*** Opening Source records ***
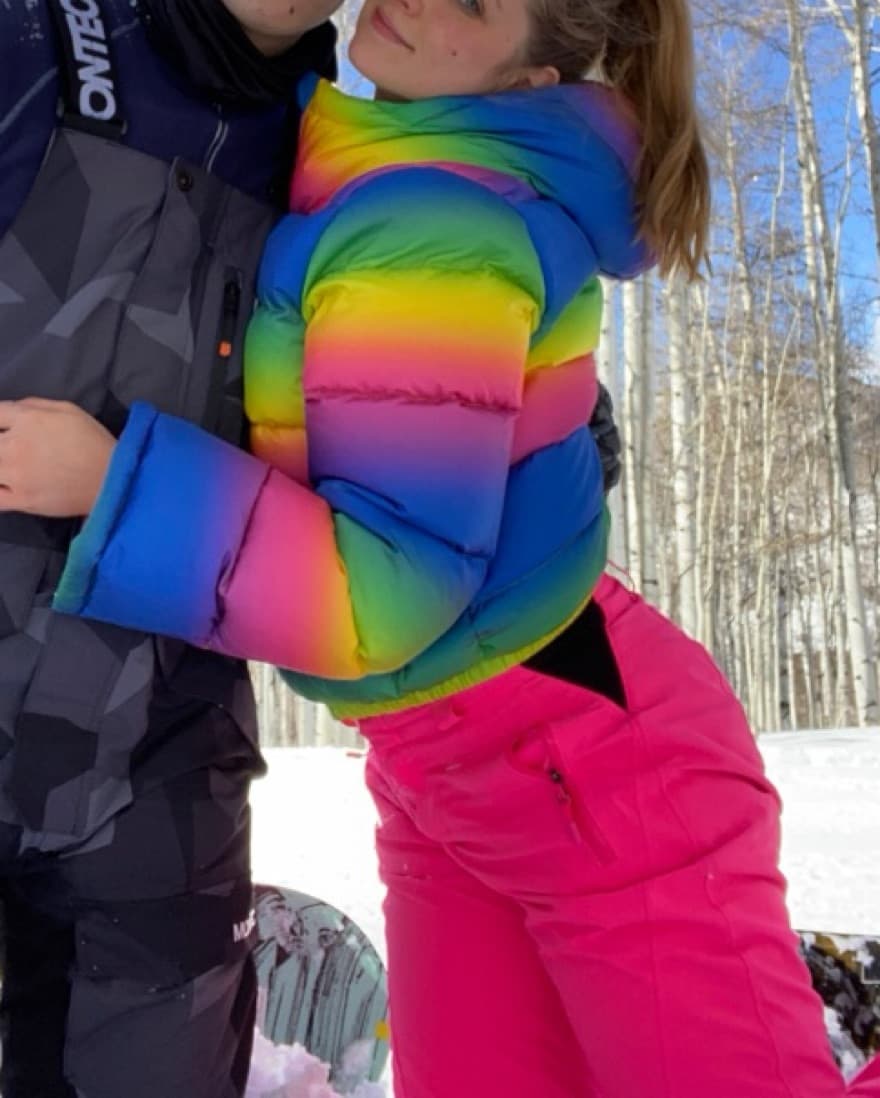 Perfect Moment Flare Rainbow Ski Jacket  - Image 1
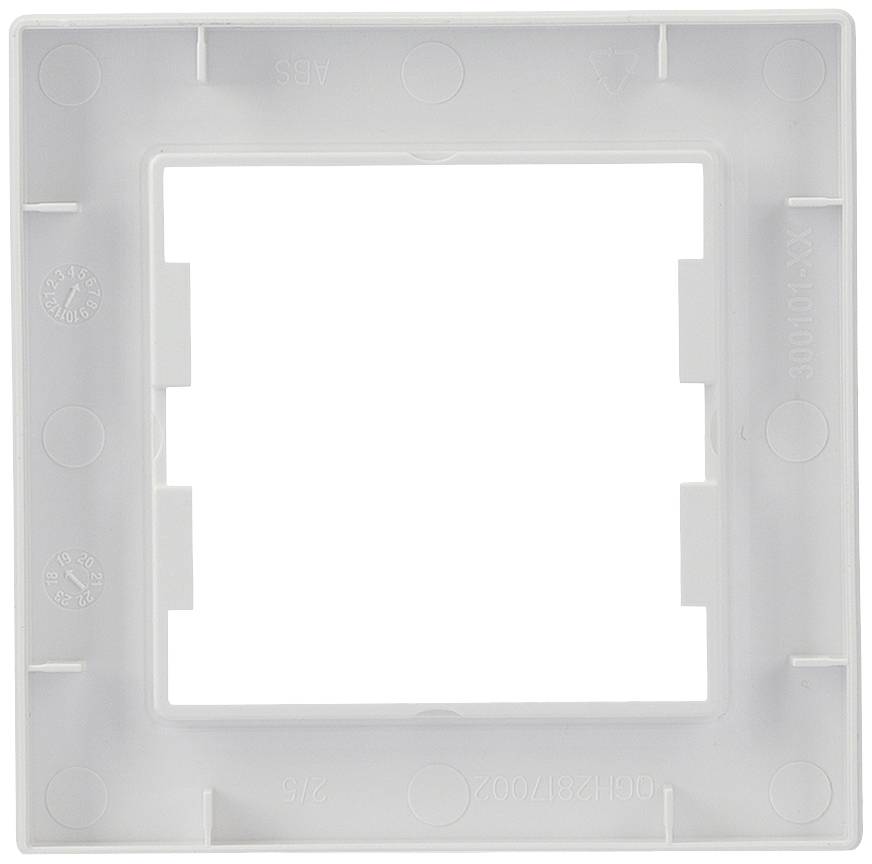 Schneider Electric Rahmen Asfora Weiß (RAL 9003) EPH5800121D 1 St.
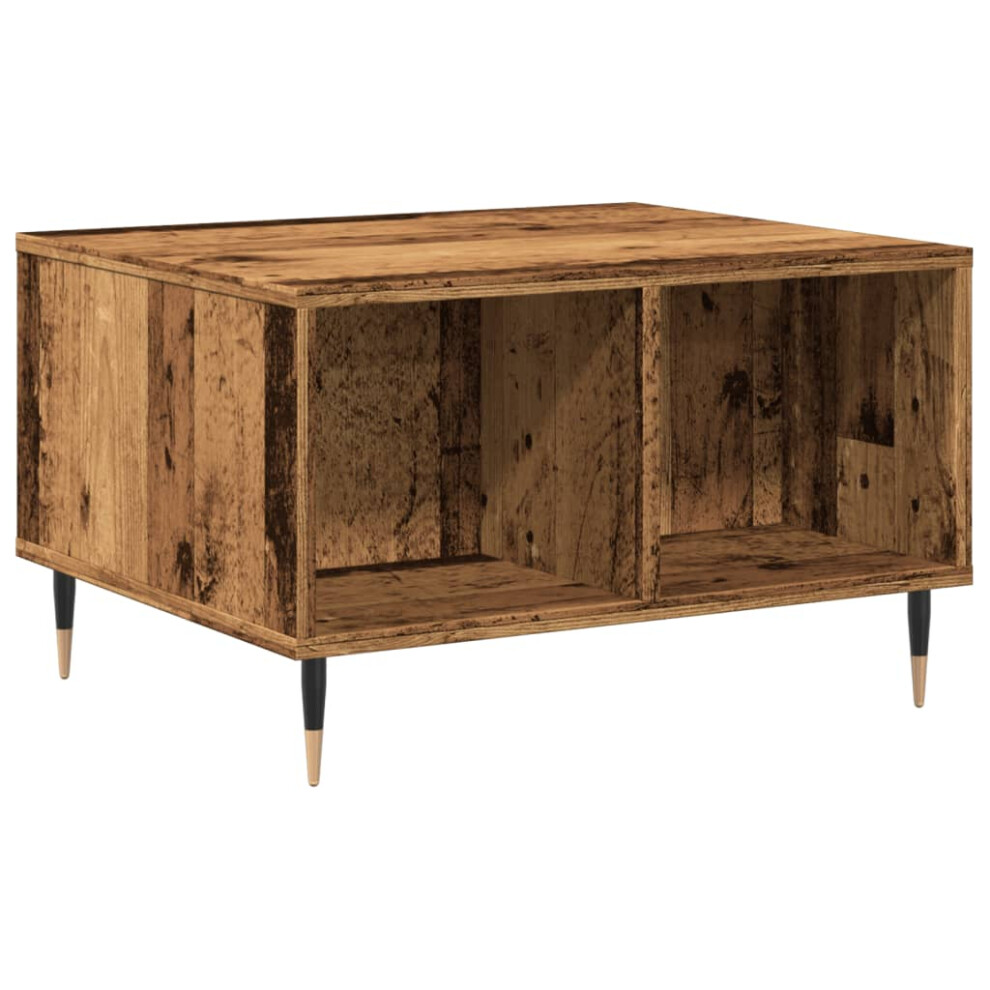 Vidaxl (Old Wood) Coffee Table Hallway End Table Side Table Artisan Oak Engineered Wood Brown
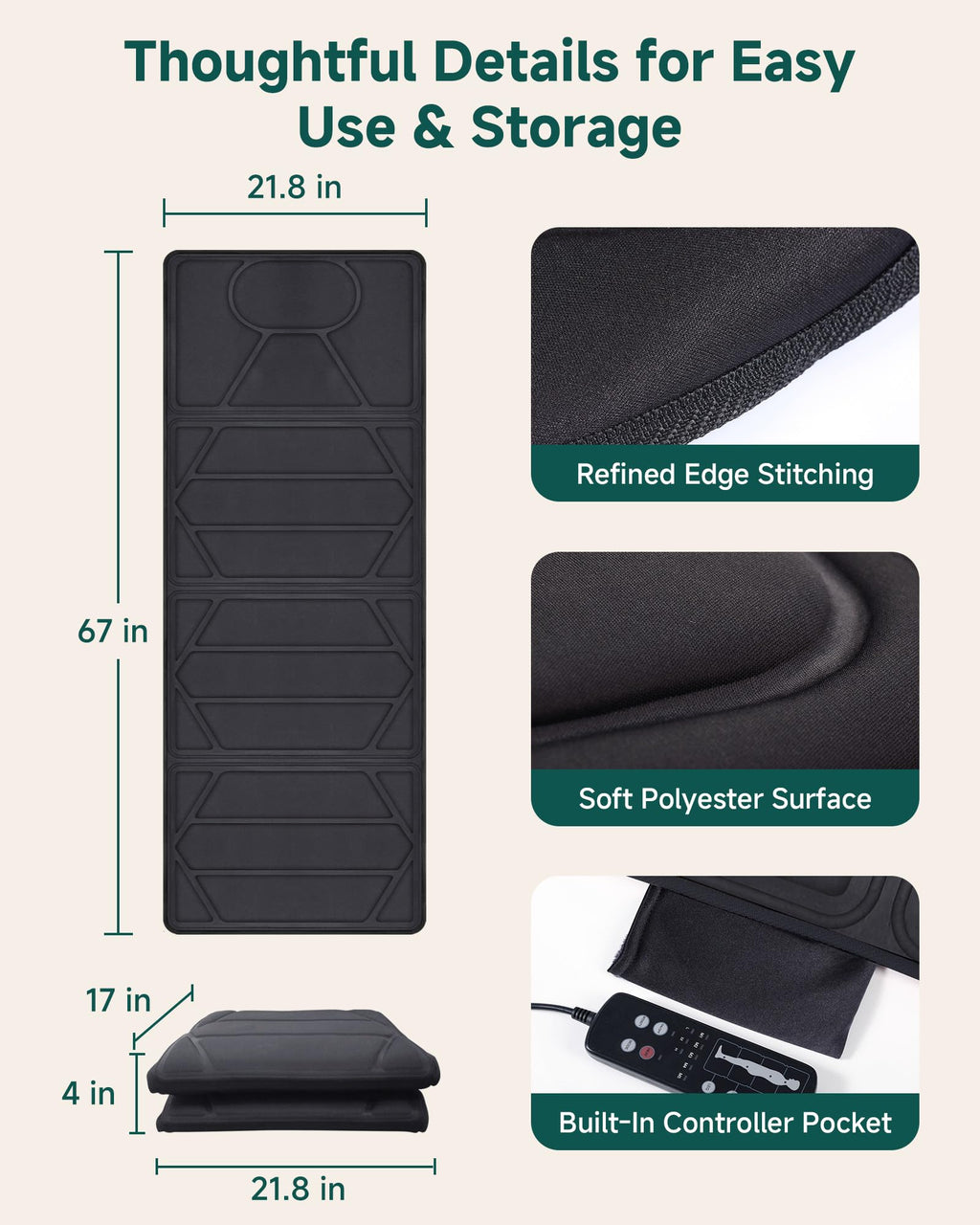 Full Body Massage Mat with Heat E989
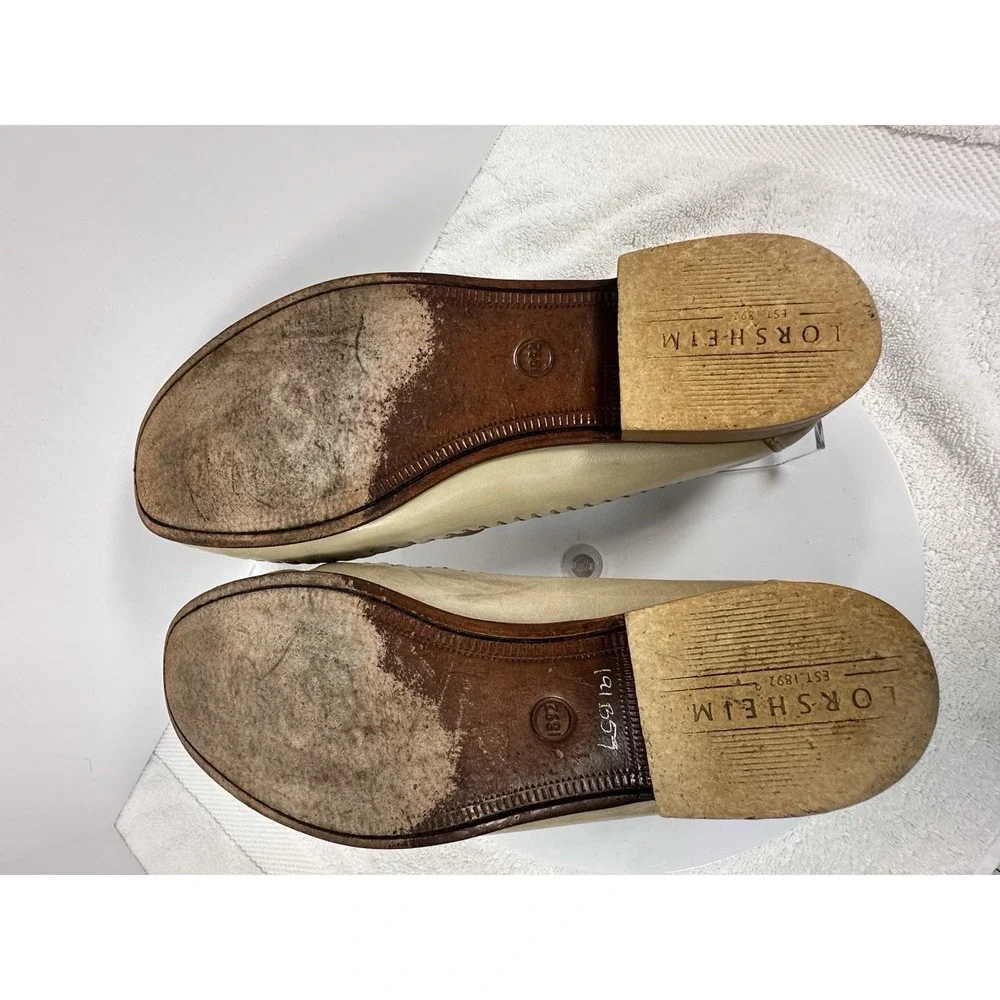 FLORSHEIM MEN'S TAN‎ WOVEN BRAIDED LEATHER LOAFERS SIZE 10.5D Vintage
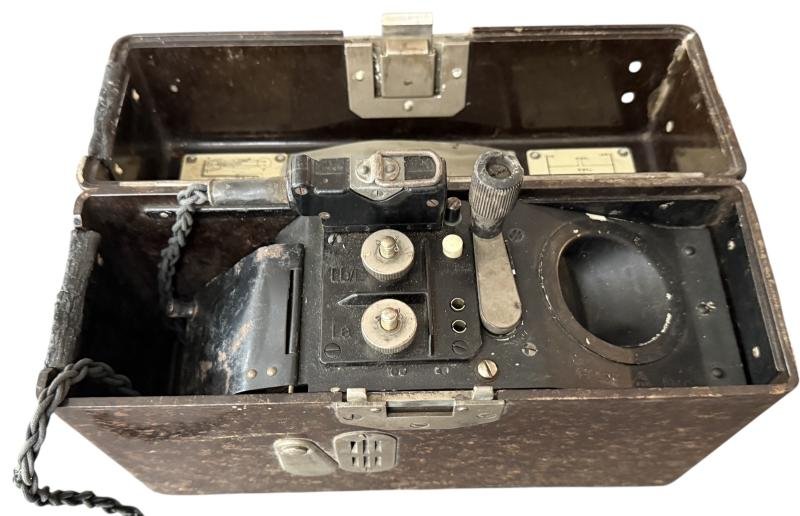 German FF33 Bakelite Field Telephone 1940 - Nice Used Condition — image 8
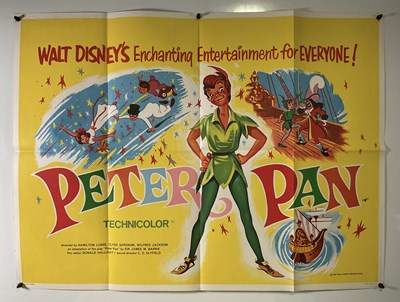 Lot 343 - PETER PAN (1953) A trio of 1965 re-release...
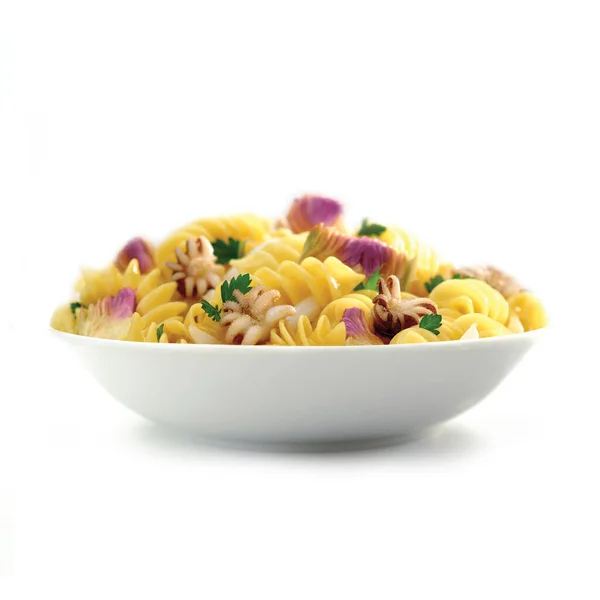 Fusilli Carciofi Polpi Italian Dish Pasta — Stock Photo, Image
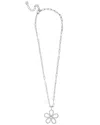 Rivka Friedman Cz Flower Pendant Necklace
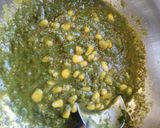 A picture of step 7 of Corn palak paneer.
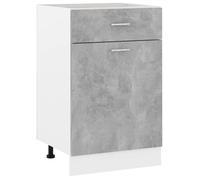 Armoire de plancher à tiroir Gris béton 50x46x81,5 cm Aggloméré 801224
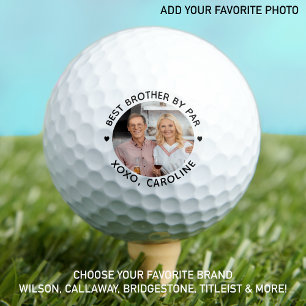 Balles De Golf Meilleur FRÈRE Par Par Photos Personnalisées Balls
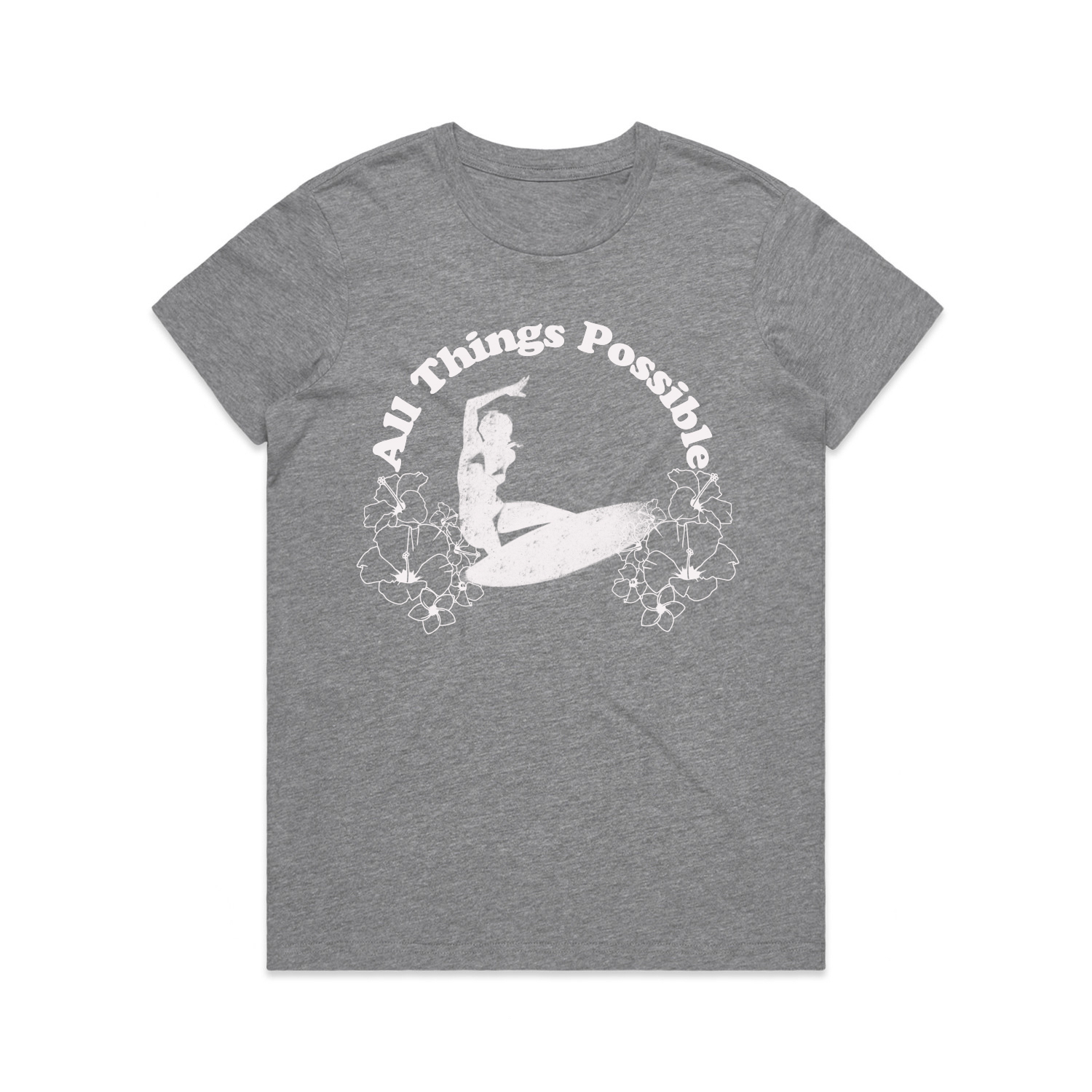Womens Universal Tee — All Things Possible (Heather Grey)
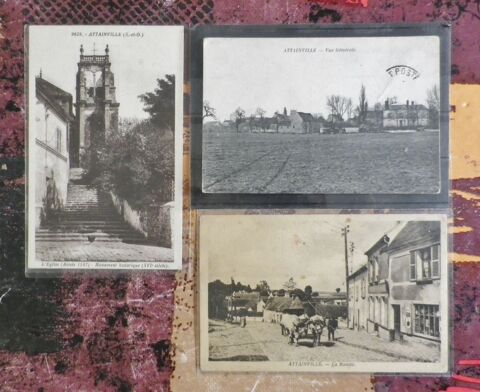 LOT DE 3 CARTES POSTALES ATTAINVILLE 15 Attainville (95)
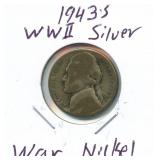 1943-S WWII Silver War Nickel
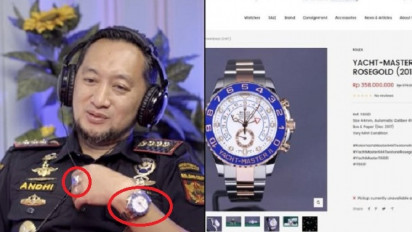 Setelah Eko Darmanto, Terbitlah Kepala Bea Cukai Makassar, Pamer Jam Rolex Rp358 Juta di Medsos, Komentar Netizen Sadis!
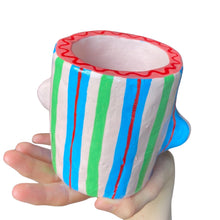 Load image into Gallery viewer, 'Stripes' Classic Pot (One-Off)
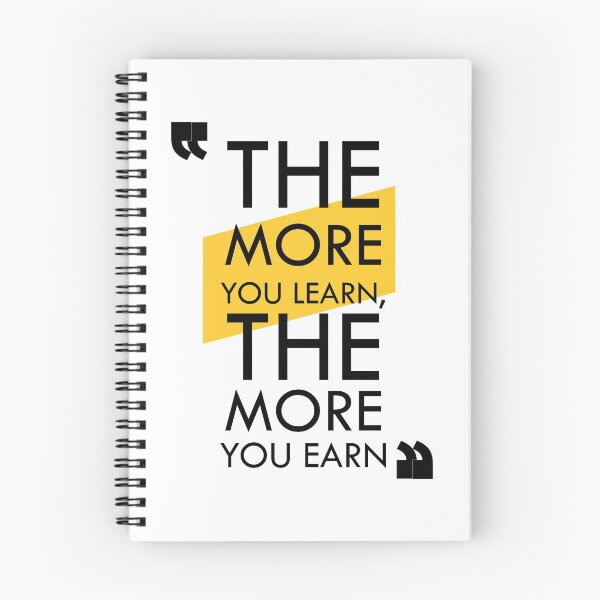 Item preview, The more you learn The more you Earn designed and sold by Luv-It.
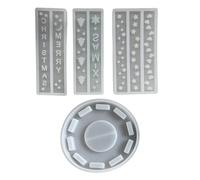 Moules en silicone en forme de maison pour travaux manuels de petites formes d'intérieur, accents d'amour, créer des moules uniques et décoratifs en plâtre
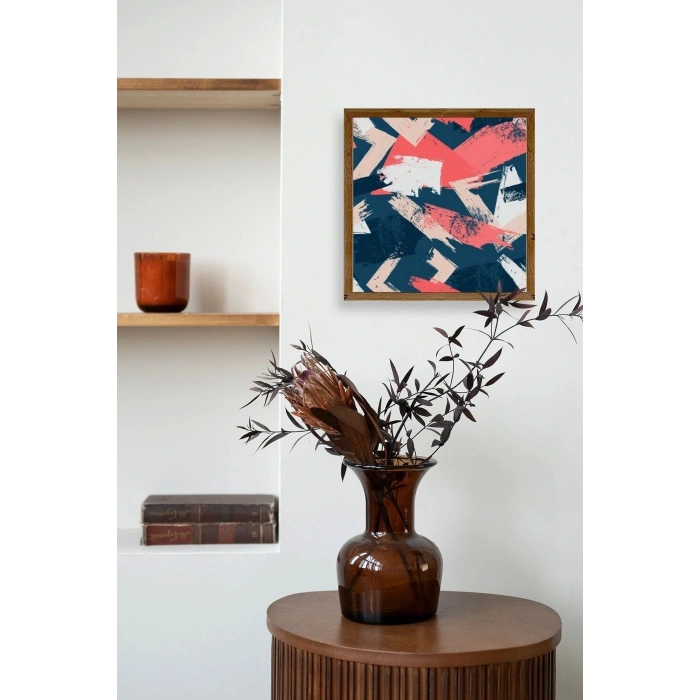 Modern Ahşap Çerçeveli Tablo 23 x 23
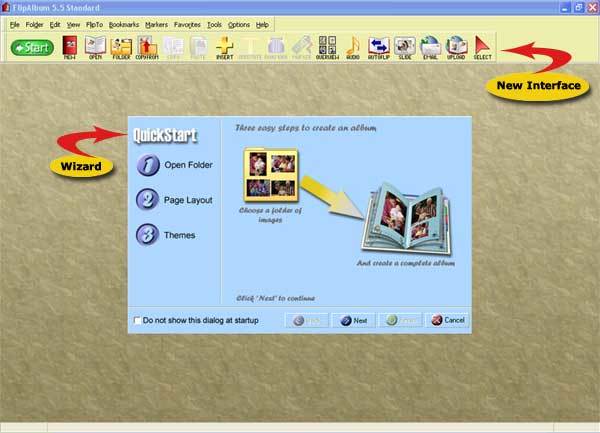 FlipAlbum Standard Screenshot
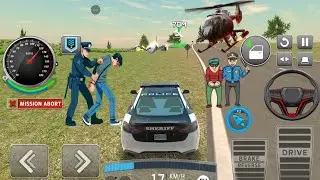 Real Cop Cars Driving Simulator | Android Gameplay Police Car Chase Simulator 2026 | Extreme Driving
*** Closing Source records ***
Required action: Using the entries above, reproduce word for word only the lines from the one that contains "Rivka Friedman Cz Flower Pendant Necklace" to the one that contains "Womens Universal Tee", both ends included, and drop every picture.

Response below:
 Rivka Friedman Cz Flower Pendant Necklace
 A picture of step 7 of Corn palak paneer.
 Armoire de plancher à tiroir Gris béton 50x46x81,5 cm Aggloméré 801224
 Balles De Golf Meilleur FRÈRE Par Par Photos Personnalisées Balls
Womens Universal Tee — All Things Possible (Heather Grey)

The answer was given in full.